Choosing a Data Repository
Before you choose a data repository, consider the following:
- The subject(s) the repository will allow in their system.
- Your funding agencies may have a specific repository for your datasets.
- The journals in which you will be publishing may have a specific repository for your datasets or require it be in an open access repository, e.g. PLoS.
- Your scholarly society and colleagues may already be depositing datasets in a repository. Ask them.
- If you were required to write a data management plan to include with your grant proposal, what did you say you about sharing your research data?
- Check out the cost for using the repository. Do you have the funding to cover it? The cost to deposit and/or the maintenance fees depends on the repository. Not all repositories will charge to deposit your research data. If it is a repository requiring membership, then either the researcher must belong or the researcher's institution must belong.
- Check to see if the repository is able to preserve (not just backing up) your datasets. Does it have the technology and policy in place for preservation to ensure your datasets will be maintained for use in the future?
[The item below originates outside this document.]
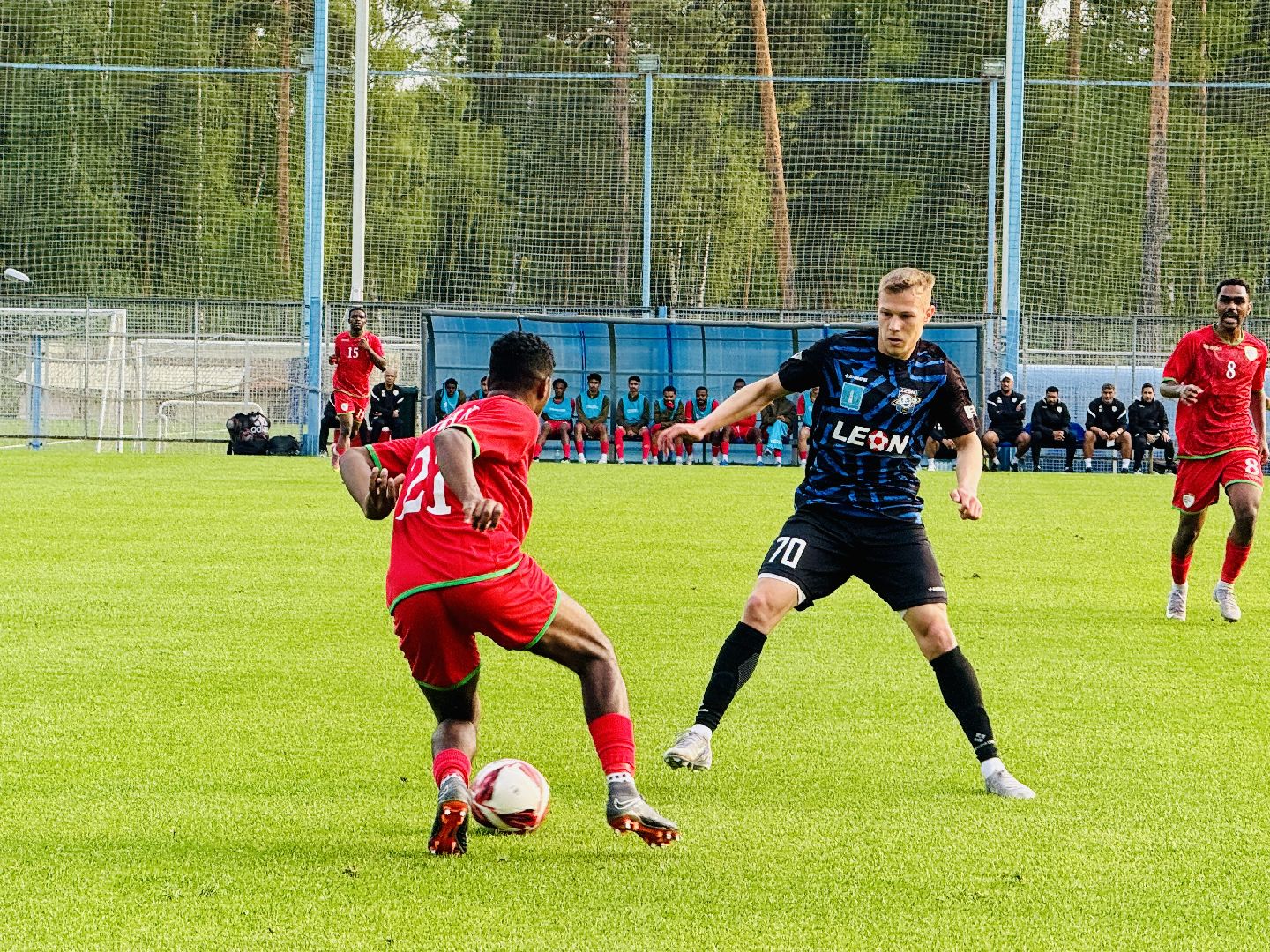 леон сатурн, сатурн в кратово, футбол, сборная омана по футболу, раменское,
- Check out the metadata and vocabulary requirements being used by the repository. This information should include enough information about how the project was conducted so that it can be replicated. Your discipline may have already developed a standard vocabulary.
- Check out what file formats are acceptable. The repository may have additional restrictions.
- Check to make sure the datasets receive persistent identifiers, PIDs to identify the dataset. A DOI is the most commonly used PID for datasets and publications. PIDs are used to link the datasets with the publications.
- Check to see if your datasets can be restricted to specific users, if it is sensitive data. Can the datasets be restricted for a specific time period?
- Does the repository provide information on how to cite data reused by others? If you are doing all the work, check to see if you receive that credit.